Ernst Hohl-Wirz ne prêche apparemment pas dans le désert: le siège de la Migros à Zurich a donc été bombardé de lettres, dont le ton de quelques unes a choqué Grégoire Schnegg. Leurs auteurs, selon lui, ont le profil de conservateurs tendance catholique. «Mais heureusement, nous avons aussi reçu énormément de lettres de soutien», dit encore le responsable du sponsoring culturel de la Migros. Pour répliquer à l’appel de l’UDF, Pink Cross a demandé à ses membres alémaniques d’écrire à la Migros pour la féliciter de son action en faveur des gays.

Réactions romandes
En Suisse romande, où l’UDF est pourtant inexistante, la Migros a également reçu passablement de réclamations de clients mécontents au sujet de son soutien à Mister gay. Des lettres de lecteurs virulentes ont aussi paru dans les journaux romands. Outre la campagne de l’UDF, y aurait-il donc eu aussi des réactions spontanées? Ou alors les opposants jusqu’ici très discrets face aux revendications des homos sont-ils plus organisés qu’on ne le pense? A Migros-Genève, un responsable du marketing ne s’étonne qu’à moitié de toutes ces réactions négatives: «La Migros n’est pas une entreprise comme une autre, elle est très ancrée dans la vie quotidienne des gens qui lui sont attachés de façon affective. Peut-être que le sponsoring gay colle mal à l’image que le public se fait généralement de la Migros.»

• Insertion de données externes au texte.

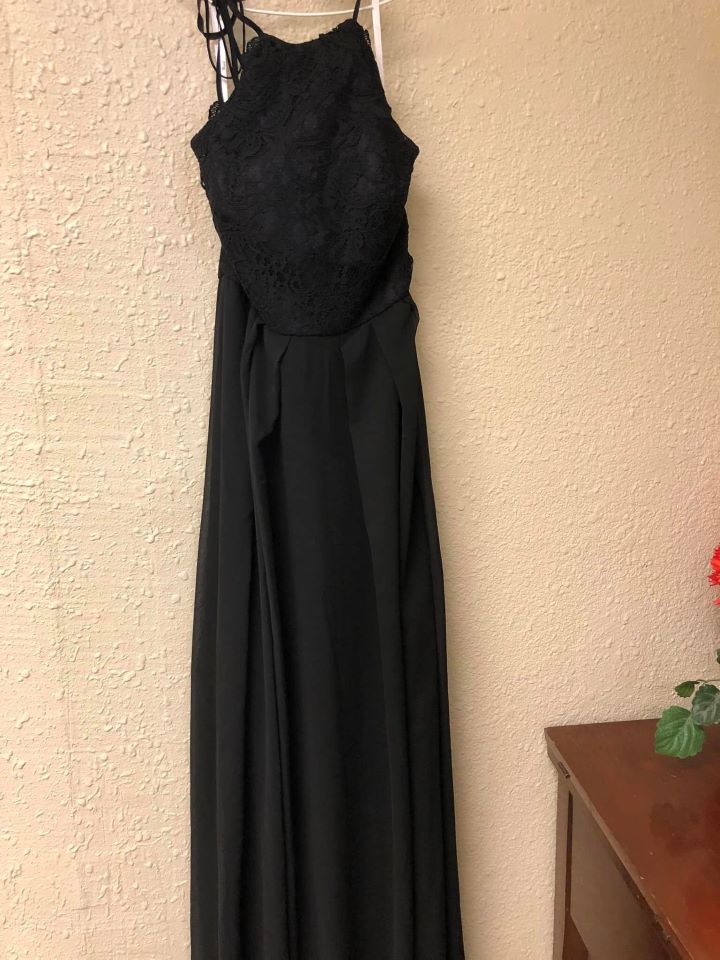 Black-Chiffon-A-line-Bridesmaid-Dress-Gown-Lace-Halter-Neckline-Sheer-Black-Lace-Detail-Natural-Waist-Altered-Alteration-Fitted-Tailored-Design-Ready-Customer-Delivery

Pour Grégoire Schnegg, il ne faut cependant pas s’arrêter à ces critiques et ces craintes internes: «En soutenant Mister gay, la Migros veut faire passer le mes-sage qu’elle s’engage contre la discrimination. Et puis, notre entreprise a toujours soutenu des projets de toutes sortes dans ses démarches de marketing social et culturel. Il n’y a aucune raison de ne pas le faire aussi pour des projets gays, il n’y a aucune raison de faire des différences.» Et Grégoire Schnegg n’entend pas se laisser impressionner par l’appel au boycott: «Cette année, nous sponsoriserons encore l’événement Mister gay», assure-t-il.

Chez Pink Cross, qui fait partie du jury de l’élection, on s’en réjouit: «Au sein même de la communauté gay, certains trouveront toujours à dire que l’intérêt de la Migros est commercial, mais n’est-ce pas naïf de voir les choses ainsi? Même si elle y trouve son compte, le fait qu’une grande entreprise s’engage pour soutenir les gays, c’est aussi un signal politique très positif», souligne le secrétaire général Rolf Trechsel. Il est vrai qu’au sein même de la communauté homo, l’élection de Mister gay a suscité quelques critiques et moqueries. Cette fanfaronnade prêtait à sourire? La campagne de l’UDF lui donne d’un seul coup une dimension nettement plus politique et revendicative.